Les résultats sont là. Aux U.S.A., au cours de ces dernières années, les pauvres sont devenus plus nombreux et de plus en plus pauvres, les classes moyennes s’enfoncent nettement. A l’inverse, les riches, guère plus nombreux qu’hier, voient leur fortune se multiplier plus généreusement que les pains et les poissons bénis par le Christ. La brèche est ouverte. L’histoire ne fait que commencer.
Le troisième coup de génie a été, le système financier ayant connu une embardée, de faire cracher les Etats. On leur a fait valoir que la faillite générale du système bancaire engendrerait un séisme qui emporterait tout. Transis d’effroi, ils ont mis la main au portefeuille. Comme jamais ils ne l’auraient fait, notez-le bien, pour lutter contre la misère.
Les spéculateurs ont alors saisi qu’ils pouvaient désormais jouer contre les Etats qu’ils avaient affaiblis. Malheureux pays qui avez vécu à crédit, vous voilà à passer sous les fourches caudines de ceux que vous venez de sauver ! La Grèce est garrotée, asphyxiée. Dans le couloir des usuriers, les « pigs » se pressent. Le Royaume-Uni, exemplaire, adopte une politique d’austérité qui mettra ses sujets à genoux. Vous voyez la boucle qui se referme ? Pour sauver la note qui décide des taux d’intérêt appliqués à la dette publique, une seule solution : en finir avec les politiques sociales. C’est le retour de pauvres moins coûteux.

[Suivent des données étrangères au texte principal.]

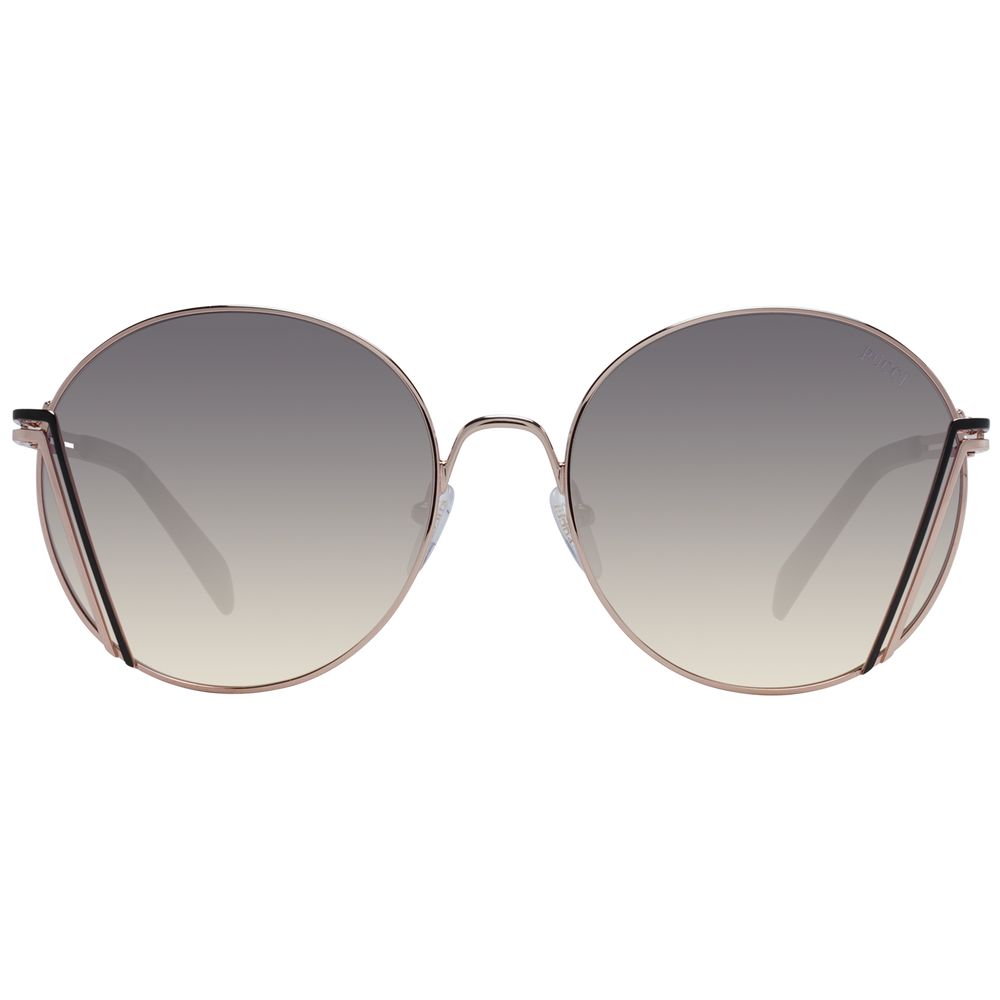 Emilio Pucci Rose Gold Women Sunglasses Emilio Pucci Dark Gray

Nous ne sommes pas au bout du film cependant. Il reste un obstacle sur la route du capitalisme financier: cette Union européenne qui, malgré son imprégnation libérale, représente encore une tentative de régulation de la jungle. Mais, pour la puissante Allemagne, l’Euro est un joug qui la force à faire attelage avec des canards boiteux que les spéculateurs harcèlent à propos. Quelle tentation de revenir au Mark ! Or, que vole en éclat l’Euro et l’Union européenne se dissoudra et avec elle le témoin encombrant d’une société qui aurait pu être plus juste.
Jamais la ploutocratie mondiale n'a manifesté une telle voracité. Jamais elle n’a voulu payer moins d’impôts. Jamais elle n'a refusé avec autant de détermination toute forme de régulation. Jamais elle n’a acheté autant de kilomètres de côtes et de milliers d’hectares qu’en ce moment. Jamais il n’y a eu autant de milices privées pour si peu d’armées de conscription. Ce ne sont plus les régimes démocratiques, représentatifs d’une communauté nationale et d’un intérêt général qui structurent le monde. Ce sont les puissances d’argent à qui les Etats ont commencé de tout abandonner, y compris la santé et la police. Le monde sera bientôt organisé pour les riches. Dans notre pays, alors que la pauvreté s’étend, on réduit le soutien que l’Etat apportait au logement social en même temps qu’on interdit les habitats de fortune : l’essentiel, désormais, c’est que les trottoirs soient propres.